DATASET CONTENT:

::::

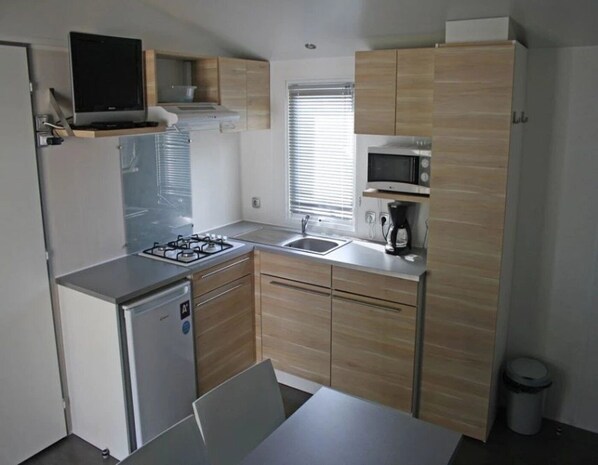 Una cocina compacta con estufa a gas, lavamanos, microondas y un refrigerador pequeño.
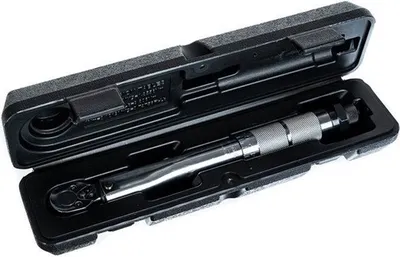 A torque wrench in its black storage case, against a white background.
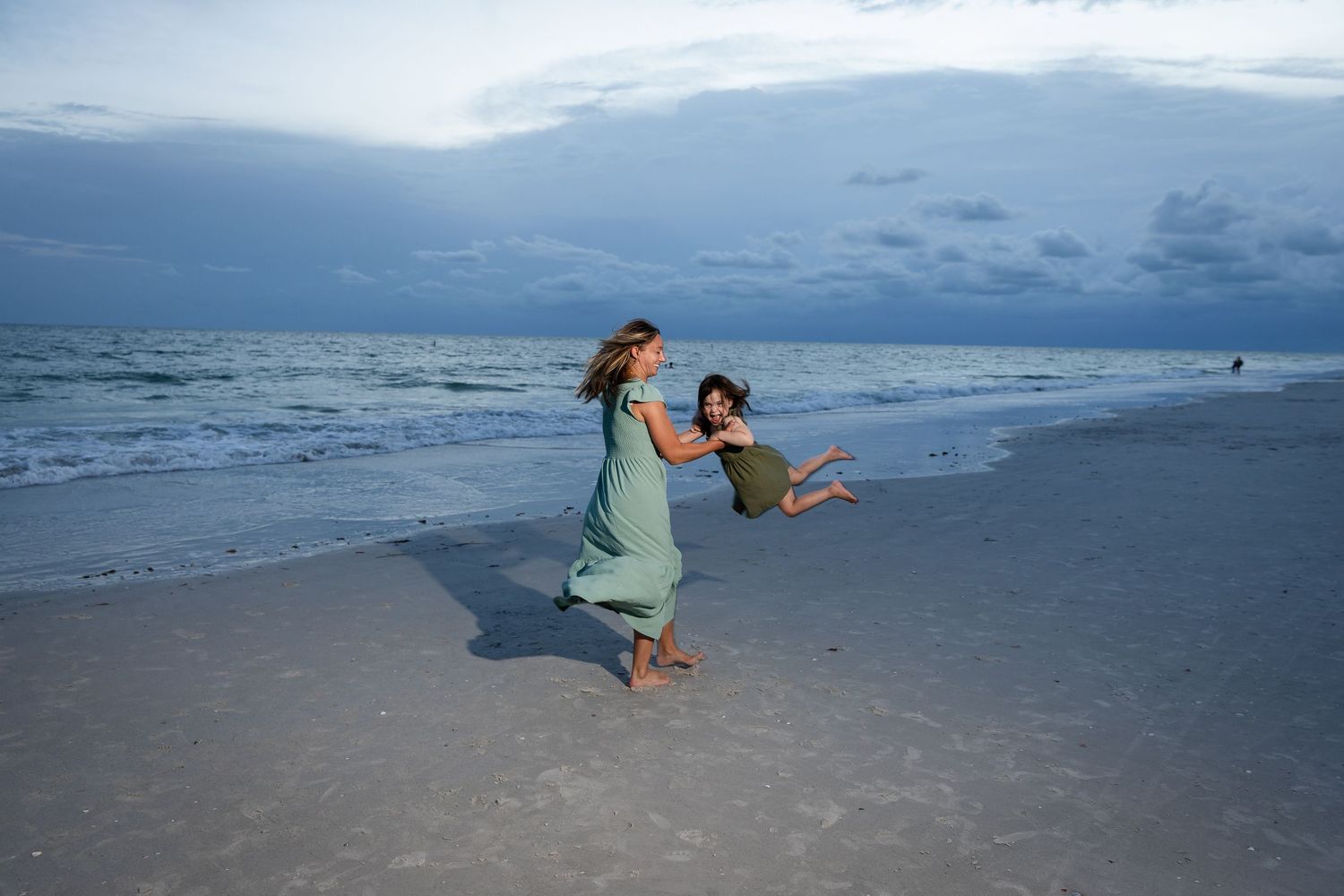 Woman in green dress swinging a child on a sandy beach at dusk with ocean waves in the background.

::::

WORK REQUEST: Using the material above, return every line exactly as it appears, minus the pictures.

ANSWER TO THE EXERCISE:
 Una cocina compacta con estufa a gas, lavamanos, microondas y un refrigerador pequeño.
 A torque wrench in its black storage case, against a white background.
 Woman in green dress swinging a child on a sandy beach at dusk with ocean waves in the background.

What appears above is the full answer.